Obama needs to state clearly the framework of the 1967 borders, with appropriate one-to-one land swaps; a shared Jerusalem along the lines of the Clinton Parameters vision; an international fund for resettling and compensating Palestinian refugees who will, with no more than token exceptions, be allowed to return only to the new Palestinian state; equitable water arrangements; and a framework for economic cooperation between the two states.
Nothing there is really new; these have been the key components of almost every speculative agreement since the Oslo Accords were signed. But just by articulating such a vision, Obama will be accused of imposing a solution on Israel. And after that, he will need to pressure Israel into moving forward, pressure similar to that which he used to insist on a settlement freeze.
Obama would then need to work with Arab states to isolate Hamas and portray them as preventing an end to the Occupation if they do not consent to being junior partners under Fatah’s leadership of the Palestinian Authority and accepting these terms of an agreement.
In all of this, Obama will need to cooperation of the Arab League and the European Union, as well as Russia and, if the UN is needed, China’s consent at least as well.
That’s a tall order. Most importantly, it carries virtually zero short-term political benefit for Obama. It is frankly inconceivable that he would exert such pressure on Israel before the November elections. It will gain him nothing and would jeopardize Democratic congressional campaigns.

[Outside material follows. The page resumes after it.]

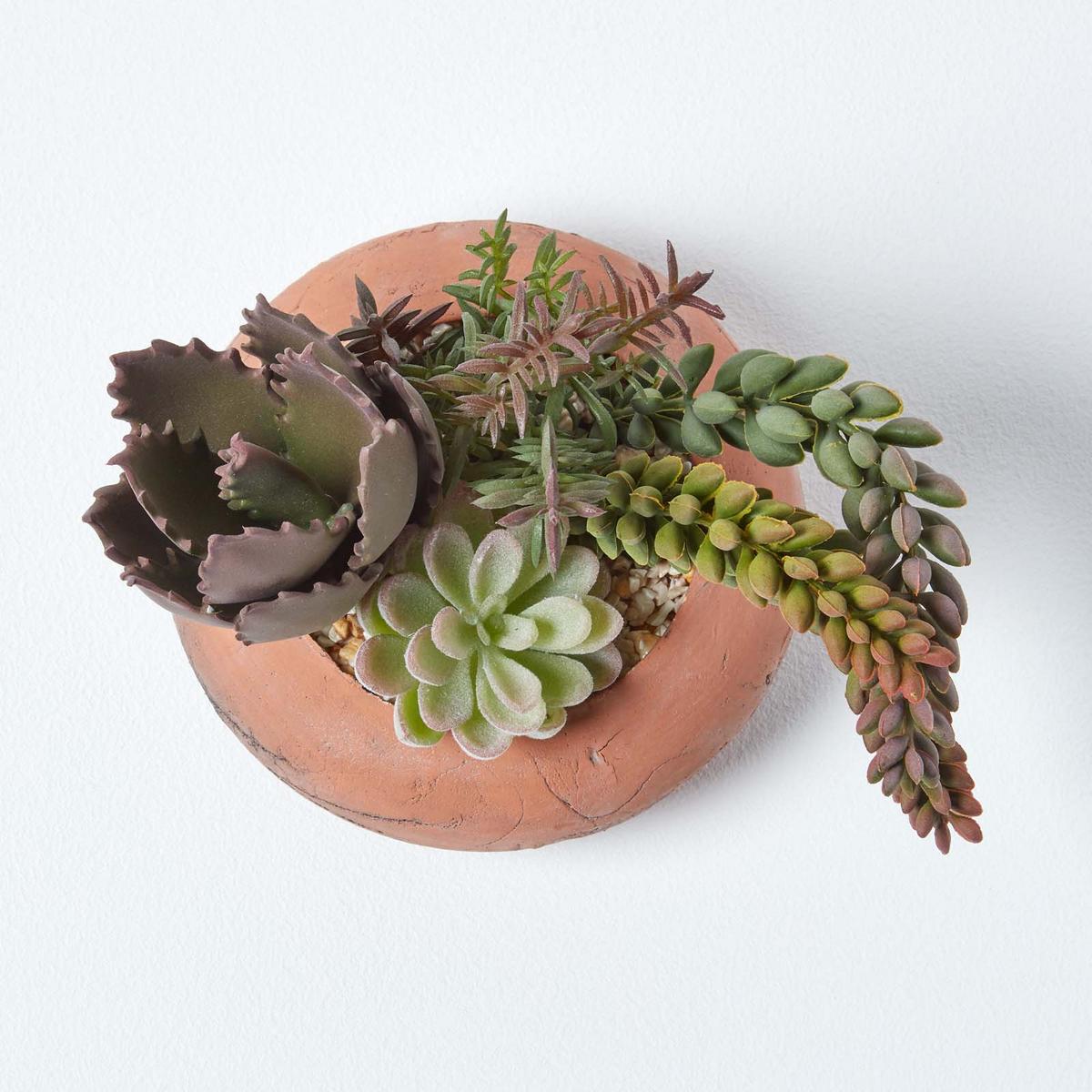 KUNSTPFLANZEN Sukkulenten-Arrangement in Deko-Schale, 15 cm - Grün, Kunststoff (14cm) - Homescapes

It would be an unpopular stance both publicly and with political movers and shakers.
Obama might gamble on such a stance after November; if he believes it could pay dividends before November 2012, it would be just the sort of boost he needs. But it is out of the question right now, and his track record of avoiding domestic confrontations whenever possible suggests it isn’t all that likely later.
So, we have talks that have very little chance of success and the consequences of their failure are serious. Even if Obama doesn’t repeat the horrible error of Bill Clinton in putting all the blame on the Palestinian side (Arafat deserved plenty of blame, but Clinton and Barak had plenty of their own that they shifted on to him as well, as I recount here), failed talks will only further erode Abbas’ standing and will bolster Hamas’ contention that negotiations with Israel are a dead-end.
For his part, Netanyahu will have all the evidence he needs to “prove” that the Palestinians either don’t want peace or are incapable of reaching an agreement. There is also a distinct possibility that violence will rise after such failure, even if it is not caused by it—tensions over Jerusalem are boiling alongside this drama.
Obama is unlikely to take on the monumental task of really pushing for a final status agreement. The only alternative to that level of American involvement is a sea change in Israel toward an agreement like the Geneva Initiative and a sudden ability for Fatah and Hamas to join together in a Palestinian government that can make peace along these lines. Neither of those things seems likely in the near future.
Before Obama turned up the heat on direct talks, Abbas was insisting that proximity talks needed to show more results before moving on to the next phase. It may well turn out that Obama should have heeded those warnings.